Si ces adaptations visent toujours à réduire les effets négatifs, elles peuvent être classées en trois grandes catégories :

  • Adaptation autonome ou spontanée: adaptation en réponse à un aléa climatique vécu ou à ses effets, sans aucune préméditation explicite ou consciente et axée sur la lutte contre le changement climatique.
  • Adaptation par ajustement: mesures d’adaptation ayant pour objectif principal le maintien de la nature et de l’intégrité d’un système ou d’un processus à une échelle donnée. Ce type d’adaptation est proche de la résilience.
  • Adaptation transformationnelle: adaptation qui change les éléments fondamentaux d’un système en réponse au climat et à ses effets. Cette adaptation vise une transition et à agir sur la cause de la vulnérabilité.

La compréhension des différents types d’adaptation et leur articulation s’avère essentielle dans une perspective d’évaluation des coûts et de définition de plan d’action. En complément, la gestion adaptative promue par le GIEC est un cadre plus global pour penser les actions d’adaptation. Ce type de réponse correspond au processus de planification, de mise en œuvre et d’amendement de stratégies, par approximations successives, permettant de gérer les ressources dans un contexte d’incertitude et de changement. La gestion adaptative consiste alors à ajuster les méthodes employées en fonction des effets et des changements observés que subit un système, qui découlent des effets de rétroaction résultants et d’autres variables.

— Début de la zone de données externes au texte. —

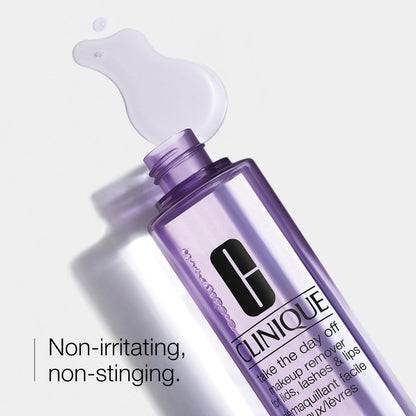 Clinique Take The Day Off Makeup Remover For Lids, Lashes and Lips, 125ml Clinique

Les concepts en lien avec l’adaptation

L’exposition renvoie à la présence de personnes, de moyens de subsistance, d’espèces ou d’écosystèmes, de ressources et de services environnementaux, d’éléments d’infrastructure ou de biens économiques, sociaux ou culturels dans un lieu susceptible de subir des dommages.

La vulnérabilité est la propension ou prédisposition à subir des dommages. Cela englobe divers concepts, notamment les notions de sensibilité ou de fragilité et l’incapacité de faire face et de s’adapter.

La capacité d’adaptation est la faculté d’ajustement des systèmes, des institutions, des êtres humains et d’autres organismes, leur permettant de se prémunir contre d’éventuels dommages, de tirer parti des opportunités ou de réagir aux conséquences.

La capacité de faire face (coping capacity) est l’aptitude des personnes, des institutions, des organisations et des systèmes à réagir efficacement à des situations difficiles et à les surmonter, à court et à moyen terme, en s’appuyant pour cela sur leurs compétences, leurs valeurs, leurs croyances, leurs ressources et d’éventuelles opportunités.

La maladaptation correspond aux mesures d’adaptation inadéquates pouvant conduire à une augmentation du risque de conséquences néfastes associées au climat, à une augmentation de la vulnérabilité aux changements climatiques ou à une dégradation des conditions de vie, à présent ou dans le futur.

La résilience est la capacité des systèmes sociaux, économiques et environnementaux à faire face à une évolution, à une perturbation ou à un évènement dangereux, permettant à ceux-ci d’y répondre ou de se réorganiser de façon à conserver leur fonction, leur identité et leur structure fondamentales tout en gardant leurs capacités d’adaptation, d’apprentissage et de transformation.

Source : Glossaire GIEC

La plateforme se donne pour mission de répondre aux besoins techniques, scientifiques et organisationnels concernant l’adaptation à la baisse et à la plus grande variabilité de l’hydrologie et de permettre de limiter l’effet des sécheresses sur les écosystèmes comme sur les usages. Plus concrètement, par son action de communication et de mise en réseaux des acteurs, la plateforme diffuse les options d’adaptations innovantes ou confirmées pouvant être essaimées sur le territoire. Les informations que vous trouverez sur ce site sont là pour vous aider dans ces démarches.